Mankind Divided subjected me to systemic prejudice countless times over my two play-throughs, yet its release trailer focuses on empowerment — showcasing all the superpowers you can use to conquer foes (which are limited in-game). This isn’t false-advertising, this is broad-shouldered video game advertising at its smartest. Square Enix knows players want “do what you want” simulators — regardless of whether or not they have themes of social injustice.
Power sells games.
Listen closely. The voiceover points to this power-focus: “If you try and rip the world apart, someone will always put it back together… You can kill freedom. But you can’t kill progress.” You are that someone and that progress is a super-charged robot fist — with a dozen beat-up-oppressor abilities.

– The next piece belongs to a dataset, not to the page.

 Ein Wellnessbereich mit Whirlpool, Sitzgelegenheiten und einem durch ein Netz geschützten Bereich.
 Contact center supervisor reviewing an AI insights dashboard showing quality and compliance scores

You have to make players feel powerful and in-control. As such, Deus Ex games are in a bit of a bind: as stealth games where hiding and hacking are often preferable to all-out power-punching elbow-katana cyborg battles. But this is where we can learn from Mankind Divided’s lack of restraint and subtlety in the trailer: it harps on the power-usage. Then it builds towards the P.E.P.S.arm-gun-blast conclusion. It ends leaving viewers feeling like they can do anything (as Adam Jensen).
There’s a lot of challenges and problems to this. I could belabor Lord of the Rings’ “lust for power” theme or address how weird it is to cast a white guy (working for the most powerful people in the world) as a “victim” of social oppression. But that’s the game’s responsibility to handle with tact and nuance. The trailer’s job is to get players in the door — to make the would-be players feel the power to do as they will.
This “do-as-you-will” emphasis makes people feel like kings. And it’s why they pick up the controller to begin with.